İki işgal altında ülke, iki soykırım saldırısıyla karşı karşıya halk ve yıllar yılı hiç tükenmeyen iki direniş pınarı...
Son bir ay içinde yaşananlar, İsrail ve Türkiye’nin, işgal ve sömürgecilikte birbiriyle yarıştıklarını gösterdi. Adeta ruh ikizi olan bu iki devlet, yapıp ettikleriyle Filistin ve Kürt halklarının yanı sıra bölge halklarının da düşmanıdır. Biri, iki Kürt özgürlük savaşçısı geçilemez denilen sınırları aştığı, girilemez denilen güvenlikli alanda, Ankara’nın göbeğinde 1 Ekim’de eylem yapmasını gerekçe gösterip, büyük bir öfkeyle Güney Kurdistan’daki işgal saldırılarını artırdı. Kuzey-Doğu Suriye’de sivil asker ayırmaksızın halkın üzerine ölüm yağdırdı. Yaşam kaynaklarını, altyapı, enerji, su ve gıda merkezlerini, yetmedi hastaneleri bombaladı. Diğeri ise 7 Ekim’de Filistin direniş güçlerinin yapmış olduğu hamle sonrası, Gazze’de taş taş üstünde bırakmamacasına boyutlandırdığı soykırım saldırısını başlattı. Binlerce sivili katletti, binlercesini yaraladı. En son hiçbir savaş hukukunda yeri olmayan saldırılarla hastaneleri hedef aldı. El Ehli Bapstist Hastanesi’ne attığı füze ile hastanede tedavi gören yaralı ve hastaları, hastane güvenliklidir diye çevre çeperden gelip hastaneye sığınan yüzlerce insanı katletti.

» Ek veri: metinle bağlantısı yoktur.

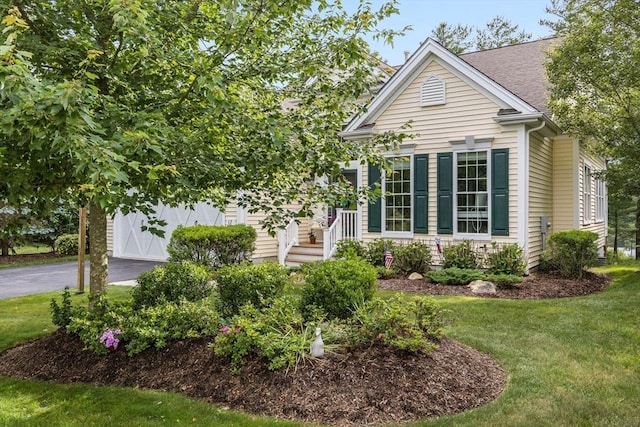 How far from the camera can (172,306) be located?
4.66m

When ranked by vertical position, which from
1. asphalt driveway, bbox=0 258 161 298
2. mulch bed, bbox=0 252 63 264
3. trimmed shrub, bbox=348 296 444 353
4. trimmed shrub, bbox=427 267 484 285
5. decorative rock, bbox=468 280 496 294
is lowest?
asphalt driveway, bbox=0 258 161 298

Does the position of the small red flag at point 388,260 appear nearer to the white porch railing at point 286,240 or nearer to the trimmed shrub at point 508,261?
the trimmed shrub at point 508,261

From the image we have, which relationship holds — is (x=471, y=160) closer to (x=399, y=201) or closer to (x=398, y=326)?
(x=399, y=201)

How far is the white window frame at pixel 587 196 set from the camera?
1266cm

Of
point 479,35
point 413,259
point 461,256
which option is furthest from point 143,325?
point 479,35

Her türlü katliamı, uygulamayı geçtik ama bir şey var ki, bunu Nazi Almanyası bile yapmadı; hastane bombalamak... İşte İsrail ve Türkiye, bu sınır çizgisini geçti.
Faşist TC devleti, Kürt halkının, Kürt kadınların Kurdistan’ın tüm parçalarındaki kazanımlarını yok etmeyi amaçlıyor. Rojava’yı hedefe koyması, en başta Kürt halkının, kadınların kazanmış olduğu haklar, statü ve bunun Kuzey Kurdistan üzerinde yaratacağı etki nedeniyledir. TC’nin ekonomik-siyasi-askeri olarak gelmiş olduğu düzey; işçi sınıfı ve emekçi kitlelere dönük azgın sömürünün sonucudur. Şu kesindir ki, içeride sömürü çarklarının bu derece ağır işlemesi; ancak şovenizm, işgal ve yayılmacı politikalarla emekçi sınıfların sersemletilmesi ve sisteme yedeklenmesiyle mümkündür. Diğer türlü sınıf mücadelesi keskinleşecek ve sömürü çarkları bu denli rahat işleyemeyecektir. Tam da bu yüzden Kurdistan toprakları ve bölge çapında TC’nin geliştirdiği işgal ve yayılmacılık; AKP-MHP faşist iktidarına has bir çizgi değil, TC’nin karakteristik çizgisidir.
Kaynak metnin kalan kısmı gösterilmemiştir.